Over the course of one week, over 52 men reached out to the 11-year-old girl
52 men.
Almost immediately after sharing a photo on Instagram, Bailey had three new requests for conversations.
As ‘Bailey’ explains, they all started the same way – telling her she was beautiful, asking her how long she’d been a model, asking if she had a boyfriend.
Within 5 minutes another online predator @ XXXastrolifer is sending Bailey a video of himself masturbating.
Another instagrammer, @ XXXthisguy66, is talking blow jobs and sex, sending pictures of his erect penis, and requesting naked photos back.
By the end of two-and-a-half hours, I’ve had seven video calls, ignored another two dozen of them, text-chatted with 17 men and seen the genitalia of 11 of those.
I’ve also fielded (and subsequently denied) multiple requests for above-the-waist nudity (in spite of being clear that Bailey’s breasts have not yet developed) and below-the-waist nudity.”
This is terrifying, right?
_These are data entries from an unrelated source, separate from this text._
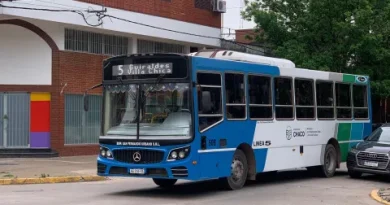 AUNQUE SIGUE LA TENSIÓN Y NO DESCARTAN UN PARO EN LOS PRÓXIMOS DIAS, LA UTA CONFIRMÓ QUE ESTÁ GARANTIZADO EL SERVICIO DE COLECTIVOS EL FIN DE SEMANA EXTRA LARGO AUNQUE SIGUE LA TENSIÓN Y NO DESCARTAN UN PARO EN LOS PRÓXIMOS DIAS, LA UTA CONFIRMÓ QUE ESTÁ GARANTIZADO EL SERVICIO DE COLECTIVOS EL FIN DE SEMANA EXTRA LARGO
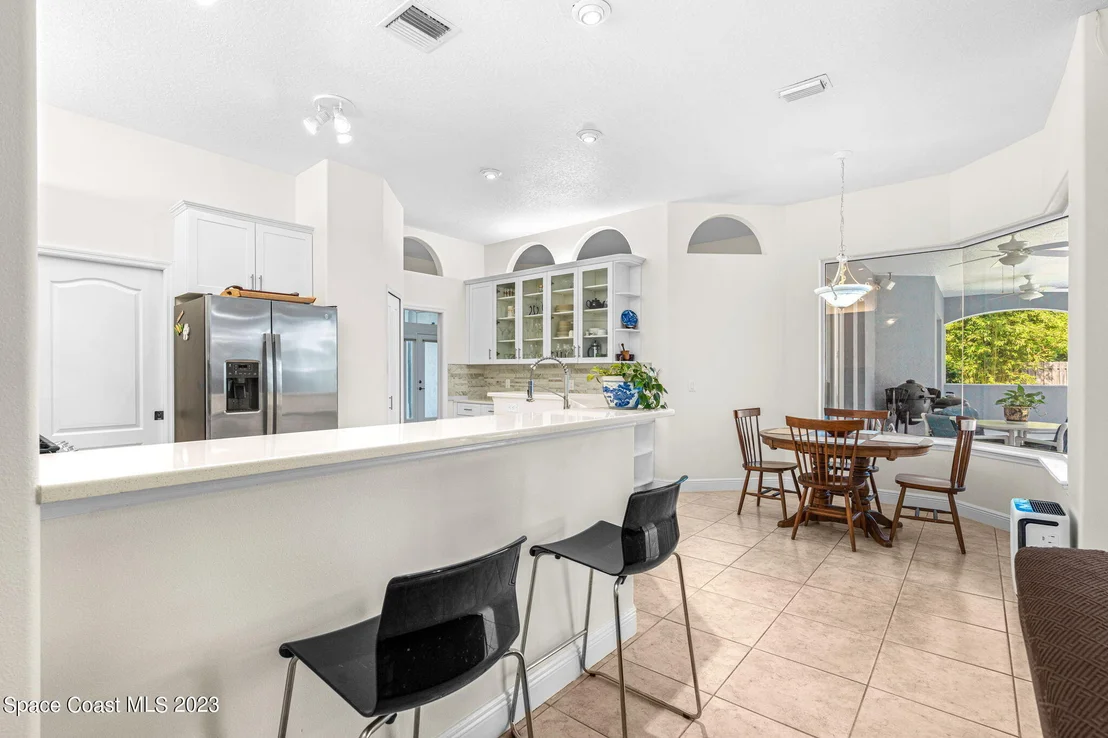 Photo of 213 Peregrine Drive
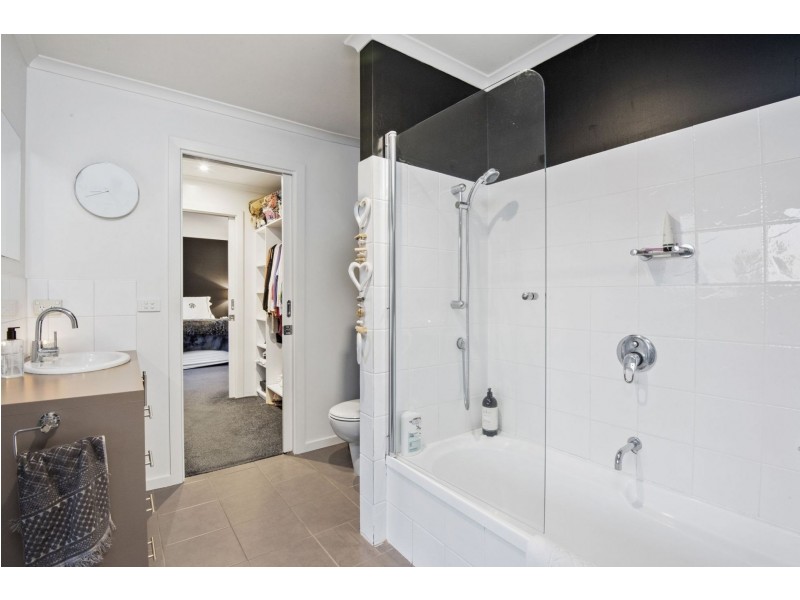 47 Thomson Drive, Barwon Heads VIC 3227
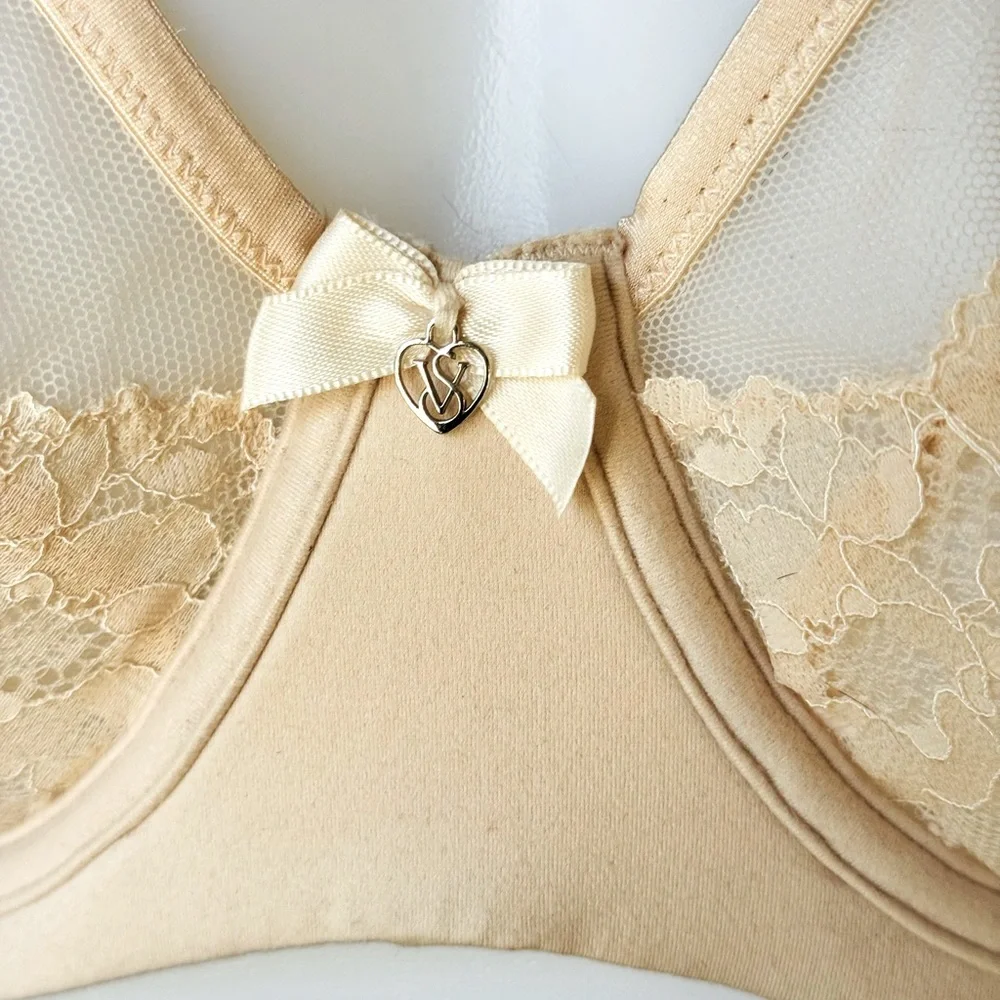 Victoria’s Secret Bra - Picture 2 of 3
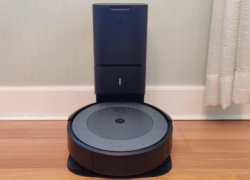 „iRobot Roomba i3/i3 Plus“: pigesni robotai su savaiminio valymo pagrindu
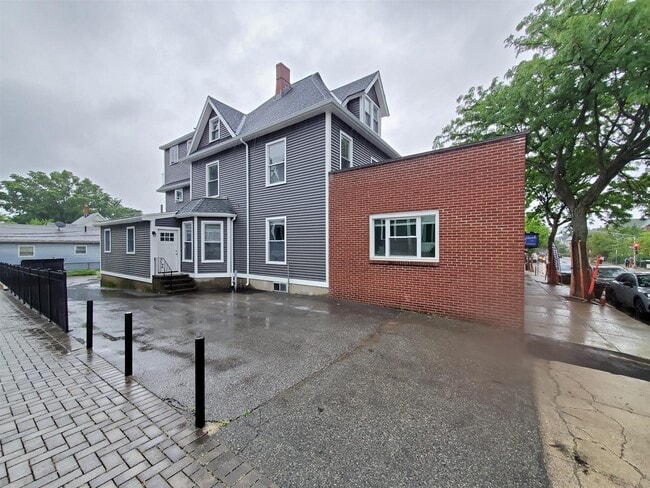 146 Highland Ave Unit 1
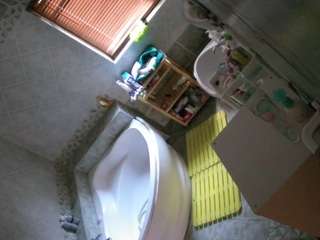 voyeurcam-julmodels-bath-1st-2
As a mum with a 9-year-old daughter and an 11-year-old son, it makes me want to throw their devices in the ocean.
Youth digital engagement platform Year13 recently shared that teens are spending upwards of three hours per day on social media according to their latest ‘What Gen Z Actually Do Online’ report.
But could these kinds of sick exchanges really be happening to our kids? And how can we make sure it’s not?
Here are 9 easy ways to protect your children from online predators
- Communicate with them regularly – Find out who they’ve been interacting with on their smart devices and games. Ask them what people are talking about at school.
- Check their devices – If you’re worried they’re in danger, as a parent you have a right to look at their phone messages and apps. Even if they’re angry with you, it could be necessary.
- Supervise and limit devices – Nothing replaces parental supervision and education for kids about cyber safety.
- Choose age-appropriate social media – If you don’t know about, understand or have your own account to the requested app, you need to tick all these boxes before you let your child have it!
- Be your child’s friend – Whatever platform(s) you decide are suitable for your child make it a rule that they must be your friend or connection.
- Promote the STOP, BLOCK, TELL Rule – If someone messages or emails content that’s threatening, explicit or rude, this is the process that should be adhered to. Firstly the child must stop responding and then block the person or people sending the content. It is imperative the child then tells a trusted adult what has happened.
- Teach them the concept of privacy – Remind your child to never give out personal information such as their home address, school name or telephone number in a public message such as chat or newsgroups.
- Set rules for technology use – Having clear boundaries about technology use, in a positive and respectful way, will assist in keeping honest communication lines open and technology use safely contained.
- Understand you will need to evolve – As your child grows, how and why they are online will change. Your knowledge of what they are using needs to evolve, literally, as they grow.
Likely the rules you applied to them as a 7-year-old will be vastly different from that of a 10 or 15-year-old. Be sure to stay abreast of what your child is using and show them the respect of adjusting the rules and expectations of them as they mature. The online predators are everywhere.